Exercise inputs:

==*==

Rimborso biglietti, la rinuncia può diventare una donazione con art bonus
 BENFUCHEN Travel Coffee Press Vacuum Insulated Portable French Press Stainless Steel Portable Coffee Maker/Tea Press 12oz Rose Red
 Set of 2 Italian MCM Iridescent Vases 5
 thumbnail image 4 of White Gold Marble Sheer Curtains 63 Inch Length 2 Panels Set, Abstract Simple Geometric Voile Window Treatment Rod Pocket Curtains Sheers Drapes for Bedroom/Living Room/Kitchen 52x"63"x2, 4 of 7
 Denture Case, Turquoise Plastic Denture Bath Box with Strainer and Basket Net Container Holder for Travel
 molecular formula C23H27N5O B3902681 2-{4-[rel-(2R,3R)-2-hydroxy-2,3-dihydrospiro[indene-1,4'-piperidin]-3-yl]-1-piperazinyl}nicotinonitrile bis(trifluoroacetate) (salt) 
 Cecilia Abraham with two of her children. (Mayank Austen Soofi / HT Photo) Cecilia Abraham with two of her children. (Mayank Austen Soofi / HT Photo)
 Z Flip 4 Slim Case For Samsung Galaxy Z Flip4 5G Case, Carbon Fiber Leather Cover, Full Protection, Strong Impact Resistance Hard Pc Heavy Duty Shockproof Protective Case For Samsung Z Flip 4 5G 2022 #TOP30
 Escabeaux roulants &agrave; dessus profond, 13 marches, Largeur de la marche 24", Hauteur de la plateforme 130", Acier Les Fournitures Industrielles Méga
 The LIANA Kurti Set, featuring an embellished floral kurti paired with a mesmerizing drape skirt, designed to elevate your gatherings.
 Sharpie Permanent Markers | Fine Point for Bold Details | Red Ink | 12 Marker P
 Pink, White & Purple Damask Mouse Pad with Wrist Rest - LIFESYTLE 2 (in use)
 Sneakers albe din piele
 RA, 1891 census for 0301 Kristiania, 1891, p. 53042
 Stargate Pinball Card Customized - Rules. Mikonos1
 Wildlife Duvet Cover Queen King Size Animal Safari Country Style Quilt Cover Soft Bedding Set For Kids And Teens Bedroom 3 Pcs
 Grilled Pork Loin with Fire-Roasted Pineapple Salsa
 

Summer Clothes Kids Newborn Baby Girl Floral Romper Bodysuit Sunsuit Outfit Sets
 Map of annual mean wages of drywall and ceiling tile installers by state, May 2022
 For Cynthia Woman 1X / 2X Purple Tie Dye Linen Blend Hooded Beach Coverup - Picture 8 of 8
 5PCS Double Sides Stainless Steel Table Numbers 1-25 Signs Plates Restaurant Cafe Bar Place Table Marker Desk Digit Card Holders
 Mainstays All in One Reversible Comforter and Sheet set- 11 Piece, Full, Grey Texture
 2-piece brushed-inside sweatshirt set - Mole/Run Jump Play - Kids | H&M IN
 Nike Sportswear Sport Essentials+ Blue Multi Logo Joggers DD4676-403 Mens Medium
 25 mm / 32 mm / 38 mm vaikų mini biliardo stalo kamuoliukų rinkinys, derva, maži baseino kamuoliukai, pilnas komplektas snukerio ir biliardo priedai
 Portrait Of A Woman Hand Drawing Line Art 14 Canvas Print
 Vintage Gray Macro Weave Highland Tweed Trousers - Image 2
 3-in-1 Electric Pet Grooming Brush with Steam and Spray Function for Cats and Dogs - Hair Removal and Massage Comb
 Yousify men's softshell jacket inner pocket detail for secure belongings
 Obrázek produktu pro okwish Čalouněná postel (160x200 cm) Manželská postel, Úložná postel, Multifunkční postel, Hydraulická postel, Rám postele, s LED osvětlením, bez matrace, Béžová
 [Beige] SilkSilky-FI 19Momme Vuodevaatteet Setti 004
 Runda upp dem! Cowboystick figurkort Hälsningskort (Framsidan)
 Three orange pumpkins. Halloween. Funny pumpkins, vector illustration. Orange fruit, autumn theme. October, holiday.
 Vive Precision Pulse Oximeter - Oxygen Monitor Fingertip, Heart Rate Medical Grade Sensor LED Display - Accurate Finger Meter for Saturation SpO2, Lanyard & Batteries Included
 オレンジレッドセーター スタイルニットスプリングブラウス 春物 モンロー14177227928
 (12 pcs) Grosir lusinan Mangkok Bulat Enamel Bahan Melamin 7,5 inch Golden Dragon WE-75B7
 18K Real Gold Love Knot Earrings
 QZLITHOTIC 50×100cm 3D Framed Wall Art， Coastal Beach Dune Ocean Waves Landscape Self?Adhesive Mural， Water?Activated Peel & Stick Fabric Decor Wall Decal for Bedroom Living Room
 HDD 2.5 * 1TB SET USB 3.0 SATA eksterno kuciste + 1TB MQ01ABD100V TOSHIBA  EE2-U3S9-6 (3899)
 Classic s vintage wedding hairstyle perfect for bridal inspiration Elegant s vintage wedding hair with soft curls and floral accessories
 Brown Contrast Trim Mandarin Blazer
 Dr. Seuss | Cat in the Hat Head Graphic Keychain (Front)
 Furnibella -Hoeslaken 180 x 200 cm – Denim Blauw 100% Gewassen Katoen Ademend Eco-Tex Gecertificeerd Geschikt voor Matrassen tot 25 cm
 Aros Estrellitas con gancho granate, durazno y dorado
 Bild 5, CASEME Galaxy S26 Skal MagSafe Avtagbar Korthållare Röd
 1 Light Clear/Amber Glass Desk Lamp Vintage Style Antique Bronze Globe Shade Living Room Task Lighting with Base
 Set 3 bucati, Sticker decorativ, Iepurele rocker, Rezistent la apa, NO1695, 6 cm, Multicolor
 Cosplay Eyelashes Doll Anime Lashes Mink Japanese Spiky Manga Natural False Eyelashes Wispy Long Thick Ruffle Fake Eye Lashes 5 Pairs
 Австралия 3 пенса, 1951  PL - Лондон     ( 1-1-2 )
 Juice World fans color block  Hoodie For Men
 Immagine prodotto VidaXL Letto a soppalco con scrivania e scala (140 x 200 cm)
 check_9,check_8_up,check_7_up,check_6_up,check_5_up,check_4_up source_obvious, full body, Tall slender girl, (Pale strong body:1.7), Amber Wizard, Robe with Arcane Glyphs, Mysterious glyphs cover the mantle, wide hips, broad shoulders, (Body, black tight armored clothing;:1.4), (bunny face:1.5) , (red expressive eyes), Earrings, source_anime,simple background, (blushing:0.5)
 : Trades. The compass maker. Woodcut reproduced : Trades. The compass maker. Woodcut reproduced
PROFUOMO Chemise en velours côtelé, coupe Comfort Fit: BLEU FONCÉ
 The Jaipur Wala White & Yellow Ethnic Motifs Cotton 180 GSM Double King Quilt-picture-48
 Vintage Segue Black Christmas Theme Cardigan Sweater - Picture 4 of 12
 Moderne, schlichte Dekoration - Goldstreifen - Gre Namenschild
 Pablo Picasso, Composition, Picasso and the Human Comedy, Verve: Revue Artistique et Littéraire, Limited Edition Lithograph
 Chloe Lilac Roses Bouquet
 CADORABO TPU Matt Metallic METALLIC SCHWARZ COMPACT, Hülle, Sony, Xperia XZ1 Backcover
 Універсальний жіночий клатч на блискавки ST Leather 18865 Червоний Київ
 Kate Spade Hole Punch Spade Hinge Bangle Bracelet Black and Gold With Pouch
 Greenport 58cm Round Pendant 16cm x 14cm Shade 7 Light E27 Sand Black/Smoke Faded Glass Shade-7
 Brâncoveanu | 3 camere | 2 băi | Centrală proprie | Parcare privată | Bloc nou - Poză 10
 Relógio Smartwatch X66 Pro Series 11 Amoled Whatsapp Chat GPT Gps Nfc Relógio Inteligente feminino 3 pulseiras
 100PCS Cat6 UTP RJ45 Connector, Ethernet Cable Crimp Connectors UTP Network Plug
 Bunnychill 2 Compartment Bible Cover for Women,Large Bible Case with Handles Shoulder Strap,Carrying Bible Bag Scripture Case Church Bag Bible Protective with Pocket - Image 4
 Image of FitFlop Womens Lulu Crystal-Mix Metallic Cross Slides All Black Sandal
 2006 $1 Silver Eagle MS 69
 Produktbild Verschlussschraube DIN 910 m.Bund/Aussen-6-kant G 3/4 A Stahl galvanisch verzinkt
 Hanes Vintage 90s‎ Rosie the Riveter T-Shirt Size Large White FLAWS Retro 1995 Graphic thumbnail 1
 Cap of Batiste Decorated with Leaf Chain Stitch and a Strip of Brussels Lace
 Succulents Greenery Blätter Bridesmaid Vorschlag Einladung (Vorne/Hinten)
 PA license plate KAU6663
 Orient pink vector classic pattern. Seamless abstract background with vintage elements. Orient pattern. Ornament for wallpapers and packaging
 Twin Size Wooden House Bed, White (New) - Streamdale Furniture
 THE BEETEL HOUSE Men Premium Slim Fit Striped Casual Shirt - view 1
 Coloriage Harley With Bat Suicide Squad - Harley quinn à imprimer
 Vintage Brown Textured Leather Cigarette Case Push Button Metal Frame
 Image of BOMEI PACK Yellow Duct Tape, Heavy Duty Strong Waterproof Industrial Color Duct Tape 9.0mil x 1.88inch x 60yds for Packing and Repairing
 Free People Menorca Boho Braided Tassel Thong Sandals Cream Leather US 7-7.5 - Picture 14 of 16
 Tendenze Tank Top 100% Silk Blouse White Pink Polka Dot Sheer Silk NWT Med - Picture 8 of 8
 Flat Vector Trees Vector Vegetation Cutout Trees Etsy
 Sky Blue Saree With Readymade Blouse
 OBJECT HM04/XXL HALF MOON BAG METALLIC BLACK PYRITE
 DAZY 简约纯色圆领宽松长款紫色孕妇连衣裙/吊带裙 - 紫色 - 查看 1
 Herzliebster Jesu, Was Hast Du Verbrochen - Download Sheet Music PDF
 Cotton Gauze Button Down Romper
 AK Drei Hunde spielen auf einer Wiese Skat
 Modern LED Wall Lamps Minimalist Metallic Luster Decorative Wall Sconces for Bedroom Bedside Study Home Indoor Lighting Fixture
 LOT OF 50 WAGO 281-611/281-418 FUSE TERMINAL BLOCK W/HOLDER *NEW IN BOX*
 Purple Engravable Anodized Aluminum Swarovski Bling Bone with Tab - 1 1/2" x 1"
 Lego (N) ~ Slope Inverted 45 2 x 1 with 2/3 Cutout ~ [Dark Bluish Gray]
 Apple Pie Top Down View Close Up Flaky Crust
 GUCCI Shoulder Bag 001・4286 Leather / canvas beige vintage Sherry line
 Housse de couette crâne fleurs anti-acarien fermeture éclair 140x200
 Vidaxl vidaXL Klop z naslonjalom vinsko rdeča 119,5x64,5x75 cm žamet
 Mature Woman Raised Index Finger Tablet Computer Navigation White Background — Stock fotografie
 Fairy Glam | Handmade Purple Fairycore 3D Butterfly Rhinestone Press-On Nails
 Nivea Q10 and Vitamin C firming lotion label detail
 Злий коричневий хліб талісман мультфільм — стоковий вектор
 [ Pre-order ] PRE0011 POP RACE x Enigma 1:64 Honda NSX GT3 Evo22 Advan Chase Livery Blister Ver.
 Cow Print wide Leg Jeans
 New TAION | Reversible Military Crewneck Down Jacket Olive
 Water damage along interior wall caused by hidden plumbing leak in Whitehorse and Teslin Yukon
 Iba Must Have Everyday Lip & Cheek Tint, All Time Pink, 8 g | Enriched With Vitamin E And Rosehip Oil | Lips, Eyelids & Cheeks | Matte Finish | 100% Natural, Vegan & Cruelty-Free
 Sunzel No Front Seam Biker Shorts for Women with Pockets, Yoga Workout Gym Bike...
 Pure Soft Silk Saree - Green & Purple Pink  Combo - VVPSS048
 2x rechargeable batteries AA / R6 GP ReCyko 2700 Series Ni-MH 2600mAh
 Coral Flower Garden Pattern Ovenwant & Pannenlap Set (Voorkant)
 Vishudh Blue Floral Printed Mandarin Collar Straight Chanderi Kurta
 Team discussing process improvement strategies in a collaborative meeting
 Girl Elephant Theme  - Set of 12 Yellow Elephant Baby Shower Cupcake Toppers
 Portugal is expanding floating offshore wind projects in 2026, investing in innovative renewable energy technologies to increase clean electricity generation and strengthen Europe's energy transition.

==*==

Task statement: Copy, please, exactly the lines that start at the first line of the data and end at the line containing "Mainstays All in", both kept and no others.

Answer:
Rimborso biglietti, la rinuncia può diventare una donazione con art bonus
 BENFUCHEN Travel Coffee Press Vacuum Insulated Portable French Press Stainless Steel Portable Coffee Maker/Tea Press 12oz Rose Red
 Set of 2 Italian MCM Iridescent Vases 5
 thumbnail image 4 of White Gold Marble Sheer Curtains 63 Inch Length 2 Panels Set, Abstract Simple Geometric Voile Window Treatment Rod Pocket Curtains Sheers Drapes for Bedroom/Living Room/Kitchen 52x"63"x2, 4 of 7
 Denture Case, Turquoise Plastic Denture Bath Box with Strainer and Basket Net Container Holder for Travel
 molecular formula C23H27N5O B3902681 2-{4-[rel-(2R,3R)-2-hydroxy-2,3-dihydrospiro[indene-1,4'-piperidin]-3-yl]-1-piperazinyl}nicotinonitrile bis(trifluoroacetate) (salt) 
 Cecilia Abraham with two of her children. (Mayank Austen Soofi / HT Photo) Cecilia Abraham with two of her children. (Mayank Austen Soofi / HT Photo)
 Z Flip 4 Slim Case For Samsung Galaxy Z Flip4 5G Case, Carbon Fiber Leather Cover, Full Protection, Strong Impact Resistance Hard Pc Heavy Duty Shockproof Protective Case For Samsung Z Flip 4 5G 2022 #TOP30
 Escabeaux roulants &agrave; dessus profond, 13 marches, Largeur de la marche 24", Hauteur de la plateforme 130", Acier Les Fournitures Industrielles Méga
 The LIANA Kurti Set, featuring an embellished floral kurti paired with a mesmerizing drape skirt, designed to elevate your gatherings.
 Sharpie Permanent Markers | Fine Point for Bold Details | Red Ink | 12 Marker P
 Pink, White & Purple Damask Mouse Pad with Wrist Rest - LIFESYTLE 2 (in use)
 Sneakers albe din piele
 RA, 1891 census for 0301 Kristiania, 1891, p. 53042
 Stargate Pinball Card Customized - Rules. Mikonos1
 Wildlife Duvet Cover Queen King Size Animal Safari Country Style Quilt Cover Soft Bedding Set For Kids And Teens Bedroom 3 Pcs
 Grilled Pork Loin with Fire-Roasted Pineapple Salsa
 

Summer Clothes Kids Newborn Baby Girl Floral Romper Bodysuit Sunsuit Outfit Sets
 Map of annual mean wages of drywall and ceiling tile installers by state, May 2022
 For Cynthia Woman 1X / 2X Purple Tie Dye Linen Blend Hooded Beach Coverup - Picture 8 of 8
 5PCS Double Sides Stainless Steel Table Numbers 1-25 Signs Plates Restaurant Cafe Bar Place Table Marker Desk Digit Card Holders
 Mainstays All in One Reversible Comforter and Sheet set- 11 Piece, Full, Grey Texture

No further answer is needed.